What does f=ma tell us?

 

[Yahya Sharif]

What does f=ma tell us?

What the experiment tells?

 

[LastScattered1090]

What the experiment tells?

It sounds like maybe you need to go back to the more basic scenario. Consider when the person is just standing on the scale doing nothing. He is not exerting any additional downward force using his legs.

In this situation, the person is in equilibrium (motionless and unaccelerated) despite gravity pulling downward on him. So does the scale push upwards on him in this scenario? If so, by how much does it push upward on him?

 

[Yahya Sharif]

In this situation, the person is in equilibrium (motionless and unaccelerated) despite gravity pulling downward on him. So does the scale push upwards on him in this scenario? If so, by how much does it push upward on him?

When at equilibrium the body acts on the scale by the weight 600 N and the scale pushes up the body with an equal normal force 600 N then no acceleration.

When I push the scale by x I increase the force on the scale to be my weight 600 plus the force I pushed the scale with or 600+x N, the scale will instantly read it.

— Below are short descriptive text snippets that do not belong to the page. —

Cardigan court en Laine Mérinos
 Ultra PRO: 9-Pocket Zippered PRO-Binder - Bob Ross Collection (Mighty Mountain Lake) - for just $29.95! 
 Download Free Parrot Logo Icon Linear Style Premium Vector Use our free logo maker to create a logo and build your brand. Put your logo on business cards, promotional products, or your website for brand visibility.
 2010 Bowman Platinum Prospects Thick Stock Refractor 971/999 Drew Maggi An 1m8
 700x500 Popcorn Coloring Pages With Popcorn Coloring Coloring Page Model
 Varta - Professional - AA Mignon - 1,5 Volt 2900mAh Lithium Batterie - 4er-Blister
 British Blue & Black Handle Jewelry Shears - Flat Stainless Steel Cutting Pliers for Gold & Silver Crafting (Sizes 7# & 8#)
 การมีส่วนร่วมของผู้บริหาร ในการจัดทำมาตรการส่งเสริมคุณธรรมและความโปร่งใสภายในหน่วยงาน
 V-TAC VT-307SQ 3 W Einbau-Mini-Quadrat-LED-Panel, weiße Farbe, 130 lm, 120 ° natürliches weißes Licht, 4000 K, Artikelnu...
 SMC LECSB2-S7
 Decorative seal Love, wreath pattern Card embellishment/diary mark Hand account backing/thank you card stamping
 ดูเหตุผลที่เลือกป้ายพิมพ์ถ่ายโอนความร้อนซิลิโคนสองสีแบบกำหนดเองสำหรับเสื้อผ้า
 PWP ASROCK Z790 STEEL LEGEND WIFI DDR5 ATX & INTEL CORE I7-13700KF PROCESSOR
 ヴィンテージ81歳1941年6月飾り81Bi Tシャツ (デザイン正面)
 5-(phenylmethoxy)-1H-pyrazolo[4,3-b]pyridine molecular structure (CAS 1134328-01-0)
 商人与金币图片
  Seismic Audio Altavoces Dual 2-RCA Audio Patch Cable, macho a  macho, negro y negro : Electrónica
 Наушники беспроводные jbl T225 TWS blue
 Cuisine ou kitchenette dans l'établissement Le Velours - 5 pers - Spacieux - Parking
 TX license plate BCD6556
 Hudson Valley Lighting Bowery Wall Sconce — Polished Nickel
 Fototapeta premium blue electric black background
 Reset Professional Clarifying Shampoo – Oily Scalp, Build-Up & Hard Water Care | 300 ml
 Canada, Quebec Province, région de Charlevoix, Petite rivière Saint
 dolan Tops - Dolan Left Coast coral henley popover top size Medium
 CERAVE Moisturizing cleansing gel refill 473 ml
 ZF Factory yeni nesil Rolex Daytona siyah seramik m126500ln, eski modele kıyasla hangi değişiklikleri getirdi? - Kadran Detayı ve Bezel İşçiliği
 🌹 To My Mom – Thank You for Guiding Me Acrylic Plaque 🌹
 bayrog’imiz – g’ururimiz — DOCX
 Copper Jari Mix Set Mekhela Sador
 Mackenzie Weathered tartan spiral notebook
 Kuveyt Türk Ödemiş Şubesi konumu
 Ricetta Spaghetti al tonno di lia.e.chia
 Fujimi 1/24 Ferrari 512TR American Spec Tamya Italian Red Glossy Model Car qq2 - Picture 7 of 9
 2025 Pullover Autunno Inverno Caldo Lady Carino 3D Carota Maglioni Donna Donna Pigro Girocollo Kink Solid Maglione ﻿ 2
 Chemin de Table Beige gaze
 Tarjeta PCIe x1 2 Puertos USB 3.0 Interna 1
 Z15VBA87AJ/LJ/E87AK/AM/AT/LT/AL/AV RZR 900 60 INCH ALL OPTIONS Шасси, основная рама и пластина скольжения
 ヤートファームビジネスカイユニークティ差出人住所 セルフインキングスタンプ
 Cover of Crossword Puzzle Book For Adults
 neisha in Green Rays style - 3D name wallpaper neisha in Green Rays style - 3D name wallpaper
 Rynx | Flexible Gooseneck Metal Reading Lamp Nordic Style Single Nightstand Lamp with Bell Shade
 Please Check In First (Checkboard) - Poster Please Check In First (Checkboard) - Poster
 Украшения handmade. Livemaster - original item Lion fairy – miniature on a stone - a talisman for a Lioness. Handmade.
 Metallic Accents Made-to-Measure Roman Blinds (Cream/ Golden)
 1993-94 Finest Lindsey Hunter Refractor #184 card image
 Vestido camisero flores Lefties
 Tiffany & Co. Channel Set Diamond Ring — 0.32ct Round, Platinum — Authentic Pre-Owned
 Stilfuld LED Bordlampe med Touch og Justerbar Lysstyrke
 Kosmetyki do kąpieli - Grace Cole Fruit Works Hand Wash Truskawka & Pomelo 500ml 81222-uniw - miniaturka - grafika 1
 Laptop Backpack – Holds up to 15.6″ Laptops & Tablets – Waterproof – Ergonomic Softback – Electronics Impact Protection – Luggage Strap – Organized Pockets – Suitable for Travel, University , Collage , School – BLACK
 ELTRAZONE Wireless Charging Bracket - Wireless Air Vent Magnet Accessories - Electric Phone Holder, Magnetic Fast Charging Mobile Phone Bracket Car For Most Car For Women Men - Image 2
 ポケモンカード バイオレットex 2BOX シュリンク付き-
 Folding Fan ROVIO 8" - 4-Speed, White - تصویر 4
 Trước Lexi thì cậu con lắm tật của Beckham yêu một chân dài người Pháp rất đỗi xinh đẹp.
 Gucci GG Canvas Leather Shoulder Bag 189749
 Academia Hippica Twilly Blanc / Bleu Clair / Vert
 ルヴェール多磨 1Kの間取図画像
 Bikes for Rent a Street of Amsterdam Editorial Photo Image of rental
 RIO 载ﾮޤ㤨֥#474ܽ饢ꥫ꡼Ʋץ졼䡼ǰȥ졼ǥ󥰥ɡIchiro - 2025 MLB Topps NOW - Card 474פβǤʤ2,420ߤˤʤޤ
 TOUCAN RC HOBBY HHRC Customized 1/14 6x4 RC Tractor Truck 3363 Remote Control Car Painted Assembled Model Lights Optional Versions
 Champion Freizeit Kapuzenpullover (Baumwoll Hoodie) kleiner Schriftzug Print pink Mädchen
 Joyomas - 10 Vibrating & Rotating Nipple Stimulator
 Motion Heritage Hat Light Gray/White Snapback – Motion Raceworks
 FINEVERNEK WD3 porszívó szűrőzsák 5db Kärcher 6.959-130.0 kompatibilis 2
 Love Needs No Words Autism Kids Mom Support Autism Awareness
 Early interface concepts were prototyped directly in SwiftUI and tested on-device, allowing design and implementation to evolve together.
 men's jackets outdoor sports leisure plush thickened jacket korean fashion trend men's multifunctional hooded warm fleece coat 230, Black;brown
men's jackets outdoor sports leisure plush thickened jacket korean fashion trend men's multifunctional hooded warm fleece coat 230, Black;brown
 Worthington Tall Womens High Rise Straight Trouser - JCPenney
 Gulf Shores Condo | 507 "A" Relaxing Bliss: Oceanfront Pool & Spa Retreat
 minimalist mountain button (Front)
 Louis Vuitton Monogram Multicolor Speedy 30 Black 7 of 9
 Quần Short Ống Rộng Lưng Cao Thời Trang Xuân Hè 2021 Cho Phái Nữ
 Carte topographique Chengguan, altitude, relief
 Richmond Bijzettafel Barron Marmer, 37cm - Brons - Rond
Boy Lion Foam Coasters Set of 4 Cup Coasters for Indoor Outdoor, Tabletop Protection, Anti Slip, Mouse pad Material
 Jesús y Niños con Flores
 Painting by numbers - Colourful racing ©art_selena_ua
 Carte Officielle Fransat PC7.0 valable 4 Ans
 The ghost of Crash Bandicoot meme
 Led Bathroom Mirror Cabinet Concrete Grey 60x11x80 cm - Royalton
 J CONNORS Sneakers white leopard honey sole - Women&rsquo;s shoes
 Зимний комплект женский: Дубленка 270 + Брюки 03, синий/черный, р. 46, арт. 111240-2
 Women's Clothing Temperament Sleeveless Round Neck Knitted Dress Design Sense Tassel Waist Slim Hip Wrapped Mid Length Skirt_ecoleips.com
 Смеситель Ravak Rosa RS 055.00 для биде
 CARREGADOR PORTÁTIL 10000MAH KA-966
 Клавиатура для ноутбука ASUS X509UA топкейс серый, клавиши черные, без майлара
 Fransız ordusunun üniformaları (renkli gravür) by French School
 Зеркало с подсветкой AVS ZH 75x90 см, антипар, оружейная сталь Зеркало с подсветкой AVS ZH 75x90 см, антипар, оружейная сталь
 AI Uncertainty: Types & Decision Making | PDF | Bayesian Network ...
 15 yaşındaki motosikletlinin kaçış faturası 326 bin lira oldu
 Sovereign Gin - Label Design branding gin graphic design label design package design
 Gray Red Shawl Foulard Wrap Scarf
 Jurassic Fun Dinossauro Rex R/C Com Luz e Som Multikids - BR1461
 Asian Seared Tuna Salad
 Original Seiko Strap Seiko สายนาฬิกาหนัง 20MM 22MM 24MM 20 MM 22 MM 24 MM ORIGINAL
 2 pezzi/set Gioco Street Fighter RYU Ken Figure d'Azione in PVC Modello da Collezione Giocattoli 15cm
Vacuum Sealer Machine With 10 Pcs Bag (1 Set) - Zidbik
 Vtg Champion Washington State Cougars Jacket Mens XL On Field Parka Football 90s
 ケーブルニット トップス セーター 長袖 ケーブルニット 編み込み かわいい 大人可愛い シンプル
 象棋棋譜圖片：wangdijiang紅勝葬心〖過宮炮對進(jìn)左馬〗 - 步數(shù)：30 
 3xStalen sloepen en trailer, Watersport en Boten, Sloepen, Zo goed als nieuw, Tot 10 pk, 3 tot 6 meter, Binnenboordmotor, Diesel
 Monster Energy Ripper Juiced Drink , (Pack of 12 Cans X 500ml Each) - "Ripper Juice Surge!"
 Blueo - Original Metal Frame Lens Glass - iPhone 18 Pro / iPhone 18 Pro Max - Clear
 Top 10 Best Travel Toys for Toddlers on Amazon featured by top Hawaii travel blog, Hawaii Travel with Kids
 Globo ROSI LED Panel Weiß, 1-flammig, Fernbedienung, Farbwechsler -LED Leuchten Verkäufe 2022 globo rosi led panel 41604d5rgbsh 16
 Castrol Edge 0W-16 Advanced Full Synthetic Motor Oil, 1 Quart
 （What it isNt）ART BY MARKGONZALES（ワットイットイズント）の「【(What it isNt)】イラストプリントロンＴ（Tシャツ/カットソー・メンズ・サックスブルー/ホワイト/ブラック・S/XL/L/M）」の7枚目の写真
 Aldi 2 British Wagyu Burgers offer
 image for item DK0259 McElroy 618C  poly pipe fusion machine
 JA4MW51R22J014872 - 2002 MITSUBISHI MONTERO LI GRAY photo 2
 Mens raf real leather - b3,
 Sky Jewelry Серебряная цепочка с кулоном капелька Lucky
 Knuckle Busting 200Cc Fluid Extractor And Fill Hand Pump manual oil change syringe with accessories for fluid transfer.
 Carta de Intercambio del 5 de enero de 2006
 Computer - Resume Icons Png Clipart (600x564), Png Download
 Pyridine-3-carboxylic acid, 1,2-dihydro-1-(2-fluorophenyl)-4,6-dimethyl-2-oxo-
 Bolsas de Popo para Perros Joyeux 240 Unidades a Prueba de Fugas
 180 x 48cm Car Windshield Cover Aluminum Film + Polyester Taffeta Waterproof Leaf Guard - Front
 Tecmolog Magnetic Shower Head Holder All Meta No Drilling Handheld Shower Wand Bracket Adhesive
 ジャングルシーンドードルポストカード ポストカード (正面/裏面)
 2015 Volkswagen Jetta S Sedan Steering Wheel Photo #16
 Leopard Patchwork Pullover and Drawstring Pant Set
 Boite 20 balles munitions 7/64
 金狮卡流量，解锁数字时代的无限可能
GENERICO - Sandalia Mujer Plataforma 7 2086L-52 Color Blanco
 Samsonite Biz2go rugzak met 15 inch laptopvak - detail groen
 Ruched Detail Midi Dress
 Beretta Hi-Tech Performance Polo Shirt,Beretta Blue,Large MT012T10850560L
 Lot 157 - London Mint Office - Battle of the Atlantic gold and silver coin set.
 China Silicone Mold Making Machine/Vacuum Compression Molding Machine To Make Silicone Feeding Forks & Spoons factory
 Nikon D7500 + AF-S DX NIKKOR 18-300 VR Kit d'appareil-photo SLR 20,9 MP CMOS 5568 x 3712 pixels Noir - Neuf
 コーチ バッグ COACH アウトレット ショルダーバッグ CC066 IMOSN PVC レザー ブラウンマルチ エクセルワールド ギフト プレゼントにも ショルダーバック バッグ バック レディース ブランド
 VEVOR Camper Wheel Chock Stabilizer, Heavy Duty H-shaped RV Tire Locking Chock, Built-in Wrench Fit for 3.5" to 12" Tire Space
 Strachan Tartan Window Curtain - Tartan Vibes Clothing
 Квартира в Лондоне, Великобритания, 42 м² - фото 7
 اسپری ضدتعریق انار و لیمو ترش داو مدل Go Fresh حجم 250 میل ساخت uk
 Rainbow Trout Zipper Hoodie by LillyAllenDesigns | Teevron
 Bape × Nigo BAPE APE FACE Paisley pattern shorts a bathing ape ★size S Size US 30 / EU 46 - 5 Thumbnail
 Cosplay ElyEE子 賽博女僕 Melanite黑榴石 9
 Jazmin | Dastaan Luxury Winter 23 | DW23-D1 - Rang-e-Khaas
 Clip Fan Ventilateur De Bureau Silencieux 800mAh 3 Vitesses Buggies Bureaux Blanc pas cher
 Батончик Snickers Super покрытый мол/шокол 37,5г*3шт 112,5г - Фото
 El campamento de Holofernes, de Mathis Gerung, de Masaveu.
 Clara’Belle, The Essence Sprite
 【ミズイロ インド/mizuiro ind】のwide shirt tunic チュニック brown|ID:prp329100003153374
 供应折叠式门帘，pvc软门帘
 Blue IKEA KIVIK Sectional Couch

So I exert extra x , this extra x is a net force that accelerates my body upwards, then x N accelerates a 60 kg body against gravity even though the x is very smaller than the weight 600 N.

 

[LastScattered1090]

When at equilibrium the body acts on the scale by the weight 600 N and the scale pushes up the body with an equal normal force 600 N then no acceleration.

When I push the scale by x I increase the force on the scale to be my weight 600 plus the force I pushed the scale with or 600+x N, the scale will instantly read it.

So I exert extra x , this extra x is a net force that accelerates my body upwards, then x N accelerates a 60 kg body against gravity even though the x is very smaller than the weight 600 N.

Basically, you continue to confuse net force with total applied upward force in this scenario. You acknowledge that the scale pushes up with 600 N in the static scenario, so why are you having so much trouble acknowledging that it pushes upward with (600+x) N (which is a force unequivocally greater than the weight) in the dynamic scenario?

The net force is then
F_up - F_down = (600 + x) - 600 = x

The fact that this value is "much smaller than" the weight is irrelevant, because we've already subtracted out the weight, leaving the net (meaning the completely unopposed) upward force remaining.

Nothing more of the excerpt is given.